> [Data under study]
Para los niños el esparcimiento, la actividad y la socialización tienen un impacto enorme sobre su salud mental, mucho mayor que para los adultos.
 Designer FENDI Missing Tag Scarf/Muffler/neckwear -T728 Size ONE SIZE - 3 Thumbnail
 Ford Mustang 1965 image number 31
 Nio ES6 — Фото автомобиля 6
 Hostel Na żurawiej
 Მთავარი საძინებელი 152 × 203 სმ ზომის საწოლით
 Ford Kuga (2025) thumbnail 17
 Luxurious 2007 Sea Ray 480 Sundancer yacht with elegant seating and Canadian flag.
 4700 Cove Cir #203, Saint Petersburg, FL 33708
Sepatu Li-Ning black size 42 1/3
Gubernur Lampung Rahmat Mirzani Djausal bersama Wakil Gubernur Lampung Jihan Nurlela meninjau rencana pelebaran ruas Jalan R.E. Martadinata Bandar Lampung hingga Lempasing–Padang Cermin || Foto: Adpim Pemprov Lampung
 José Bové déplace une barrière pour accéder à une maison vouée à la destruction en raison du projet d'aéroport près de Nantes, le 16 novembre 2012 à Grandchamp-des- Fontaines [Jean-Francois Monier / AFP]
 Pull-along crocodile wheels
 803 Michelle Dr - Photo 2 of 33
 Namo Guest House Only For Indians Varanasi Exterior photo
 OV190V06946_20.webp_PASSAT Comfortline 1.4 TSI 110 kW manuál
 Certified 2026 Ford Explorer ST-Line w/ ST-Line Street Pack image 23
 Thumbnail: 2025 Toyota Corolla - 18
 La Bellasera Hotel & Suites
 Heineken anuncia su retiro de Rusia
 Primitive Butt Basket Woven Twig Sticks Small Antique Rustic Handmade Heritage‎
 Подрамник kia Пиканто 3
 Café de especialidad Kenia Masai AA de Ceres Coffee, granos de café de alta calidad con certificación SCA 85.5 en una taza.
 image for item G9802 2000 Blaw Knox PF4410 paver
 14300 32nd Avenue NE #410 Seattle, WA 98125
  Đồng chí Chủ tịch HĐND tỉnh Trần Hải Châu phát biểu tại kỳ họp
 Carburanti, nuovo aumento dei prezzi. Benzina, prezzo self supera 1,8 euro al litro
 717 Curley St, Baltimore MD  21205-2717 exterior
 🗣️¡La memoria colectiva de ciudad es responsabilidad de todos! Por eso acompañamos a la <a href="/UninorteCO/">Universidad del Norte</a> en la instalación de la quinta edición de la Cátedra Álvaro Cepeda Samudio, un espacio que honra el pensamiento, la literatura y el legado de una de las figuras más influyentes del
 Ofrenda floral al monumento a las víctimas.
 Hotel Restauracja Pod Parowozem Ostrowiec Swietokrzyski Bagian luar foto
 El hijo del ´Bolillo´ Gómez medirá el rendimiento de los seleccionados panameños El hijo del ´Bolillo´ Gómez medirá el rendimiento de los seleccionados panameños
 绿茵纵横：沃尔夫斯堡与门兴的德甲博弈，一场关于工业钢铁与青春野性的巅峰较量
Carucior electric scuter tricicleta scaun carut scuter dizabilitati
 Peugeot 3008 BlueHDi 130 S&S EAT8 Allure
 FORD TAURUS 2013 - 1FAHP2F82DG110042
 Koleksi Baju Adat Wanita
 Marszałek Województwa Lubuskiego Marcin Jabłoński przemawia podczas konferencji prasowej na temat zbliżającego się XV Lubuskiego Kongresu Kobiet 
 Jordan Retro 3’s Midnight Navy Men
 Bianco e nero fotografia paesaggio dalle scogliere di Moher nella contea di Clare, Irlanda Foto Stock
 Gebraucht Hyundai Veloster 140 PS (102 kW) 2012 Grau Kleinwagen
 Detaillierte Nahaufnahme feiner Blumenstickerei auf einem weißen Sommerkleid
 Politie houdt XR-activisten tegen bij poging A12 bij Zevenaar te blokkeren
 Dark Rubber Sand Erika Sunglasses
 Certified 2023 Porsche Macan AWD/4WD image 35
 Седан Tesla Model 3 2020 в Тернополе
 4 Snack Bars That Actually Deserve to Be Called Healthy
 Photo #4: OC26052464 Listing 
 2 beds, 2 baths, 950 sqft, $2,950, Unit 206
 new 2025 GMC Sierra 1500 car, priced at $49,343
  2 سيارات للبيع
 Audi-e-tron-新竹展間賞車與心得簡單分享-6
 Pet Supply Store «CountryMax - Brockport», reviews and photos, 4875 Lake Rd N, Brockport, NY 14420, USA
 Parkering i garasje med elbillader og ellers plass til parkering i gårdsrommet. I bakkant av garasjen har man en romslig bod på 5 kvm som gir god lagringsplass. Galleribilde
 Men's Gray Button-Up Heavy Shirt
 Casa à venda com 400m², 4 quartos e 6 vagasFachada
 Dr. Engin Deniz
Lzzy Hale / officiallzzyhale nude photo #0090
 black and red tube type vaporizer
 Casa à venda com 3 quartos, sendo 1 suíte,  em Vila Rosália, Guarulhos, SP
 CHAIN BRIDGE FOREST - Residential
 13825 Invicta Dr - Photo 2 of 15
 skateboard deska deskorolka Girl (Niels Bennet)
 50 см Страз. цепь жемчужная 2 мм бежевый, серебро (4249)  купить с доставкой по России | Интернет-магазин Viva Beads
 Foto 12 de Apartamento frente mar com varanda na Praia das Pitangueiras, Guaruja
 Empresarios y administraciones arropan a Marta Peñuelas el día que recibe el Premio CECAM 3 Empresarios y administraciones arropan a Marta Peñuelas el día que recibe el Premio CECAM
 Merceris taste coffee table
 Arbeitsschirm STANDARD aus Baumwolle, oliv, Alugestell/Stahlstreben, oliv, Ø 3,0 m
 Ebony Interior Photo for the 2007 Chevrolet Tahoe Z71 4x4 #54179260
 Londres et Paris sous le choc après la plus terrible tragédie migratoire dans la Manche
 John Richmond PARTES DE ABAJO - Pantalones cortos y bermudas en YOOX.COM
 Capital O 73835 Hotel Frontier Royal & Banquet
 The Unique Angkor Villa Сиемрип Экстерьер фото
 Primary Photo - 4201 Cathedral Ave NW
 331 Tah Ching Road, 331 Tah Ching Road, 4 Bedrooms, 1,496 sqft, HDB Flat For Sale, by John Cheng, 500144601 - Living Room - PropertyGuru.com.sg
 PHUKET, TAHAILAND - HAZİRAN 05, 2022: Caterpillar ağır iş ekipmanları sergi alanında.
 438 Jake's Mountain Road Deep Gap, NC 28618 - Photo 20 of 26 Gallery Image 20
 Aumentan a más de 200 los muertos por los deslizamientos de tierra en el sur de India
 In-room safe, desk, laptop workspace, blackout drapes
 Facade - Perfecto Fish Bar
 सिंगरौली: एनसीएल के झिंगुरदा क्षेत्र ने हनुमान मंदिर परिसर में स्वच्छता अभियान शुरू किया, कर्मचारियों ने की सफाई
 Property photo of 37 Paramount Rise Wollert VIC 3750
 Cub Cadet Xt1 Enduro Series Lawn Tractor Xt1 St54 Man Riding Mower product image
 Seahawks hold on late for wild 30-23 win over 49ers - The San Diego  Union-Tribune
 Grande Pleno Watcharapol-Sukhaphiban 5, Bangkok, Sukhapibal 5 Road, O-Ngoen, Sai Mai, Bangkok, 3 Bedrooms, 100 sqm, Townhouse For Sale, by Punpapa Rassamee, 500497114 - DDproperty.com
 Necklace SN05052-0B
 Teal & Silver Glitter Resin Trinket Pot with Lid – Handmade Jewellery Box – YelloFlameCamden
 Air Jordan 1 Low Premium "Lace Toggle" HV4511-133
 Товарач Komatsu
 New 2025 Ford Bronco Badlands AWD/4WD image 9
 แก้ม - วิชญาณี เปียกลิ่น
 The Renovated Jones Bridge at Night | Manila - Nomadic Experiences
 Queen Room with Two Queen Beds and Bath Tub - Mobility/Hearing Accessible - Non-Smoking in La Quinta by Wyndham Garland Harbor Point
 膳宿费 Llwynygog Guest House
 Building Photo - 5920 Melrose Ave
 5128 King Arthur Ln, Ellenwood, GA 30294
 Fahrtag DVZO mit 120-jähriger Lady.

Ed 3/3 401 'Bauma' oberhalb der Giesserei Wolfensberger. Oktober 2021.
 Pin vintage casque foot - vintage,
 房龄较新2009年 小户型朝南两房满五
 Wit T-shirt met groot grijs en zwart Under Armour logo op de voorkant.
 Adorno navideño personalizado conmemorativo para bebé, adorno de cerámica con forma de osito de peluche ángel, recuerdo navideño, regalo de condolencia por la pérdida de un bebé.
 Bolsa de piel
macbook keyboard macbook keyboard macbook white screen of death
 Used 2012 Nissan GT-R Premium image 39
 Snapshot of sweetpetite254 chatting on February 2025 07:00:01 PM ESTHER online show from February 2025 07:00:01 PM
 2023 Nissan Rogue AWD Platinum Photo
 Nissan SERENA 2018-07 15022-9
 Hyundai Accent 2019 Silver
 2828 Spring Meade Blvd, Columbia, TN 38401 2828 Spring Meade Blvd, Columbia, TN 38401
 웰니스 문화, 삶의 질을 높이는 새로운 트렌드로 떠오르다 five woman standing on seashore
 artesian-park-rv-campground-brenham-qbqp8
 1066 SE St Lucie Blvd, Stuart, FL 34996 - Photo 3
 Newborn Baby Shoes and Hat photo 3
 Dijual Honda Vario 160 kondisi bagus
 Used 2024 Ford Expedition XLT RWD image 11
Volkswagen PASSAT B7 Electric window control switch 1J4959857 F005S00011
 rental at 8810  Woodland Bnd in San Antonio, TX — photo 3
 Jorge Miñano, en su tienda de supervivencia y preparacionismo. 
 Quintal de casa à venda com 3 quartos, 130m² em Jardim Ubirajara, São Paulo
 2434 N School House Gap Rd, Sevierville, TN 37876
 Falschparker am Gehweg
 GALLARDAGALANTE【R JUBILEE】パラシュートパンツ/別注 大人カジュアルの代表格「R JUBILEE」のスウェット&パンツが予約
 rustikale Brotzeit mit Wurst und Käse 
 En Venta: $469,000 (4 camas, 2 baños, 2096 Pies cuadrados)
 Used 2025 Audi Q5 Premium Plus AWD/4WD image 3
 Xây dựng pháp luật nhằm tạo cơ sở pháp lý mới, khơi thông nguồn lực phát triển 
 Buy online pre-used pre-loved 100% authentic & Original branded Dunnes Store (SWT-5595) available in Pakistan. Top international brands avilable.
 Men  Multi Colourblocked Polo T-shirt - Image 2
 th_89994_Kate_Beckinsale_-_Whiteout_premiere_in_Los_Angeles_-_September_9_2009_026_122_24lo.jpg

> [What this task involves] Look above for the line holding "Foto 12 de Apartamento" and the line holding "331 Tah Ching Road, 331", then output exactly those two lines and every line between them, nothing more.

> [Result of this exercise]
 Foto 12 de Apartamento frente mar com varanda na Praia das Pitangueiras, Guaruja
 Empresarios y administraciones arropan a Marta Peñuelas el día que recibe el Premio CECAM 3 Empresarios y administraciones arropan a Marta Peñuelas el día que recibe el Premio CECAM
 Merceris taste coffee table
 Arbeitsschirm STANDARD aus Baumwolle, oliv, Alugestell/Stahlstreben, oliv, Ø 3,0 m
 Ebony Interior Photo for the 2007 Chevrolet Tahoe Z71 4x4 #54179260
 Londres et Paris sous le choc après la plus terrible tragédie migratoire dans la Manche
 John Richmond PARTES DE ABAJO - Pantalones cortos y bermudas en YOOX.COM
 Capital O 73835 Hotel Frontier Royal & Banquet
 The Unique Angkor Villa Сиемрип Экстерьер фото
 Primary Photo - 4201 Cathedral Ave NW
 331 Tah Ching Road, 331 Tah Ching Road, 4 Bedrooms, 1,496 sqft, HDB Flat For Sale, by John Cheng, 500144601 - Living Room - PropertyGuru.com.sg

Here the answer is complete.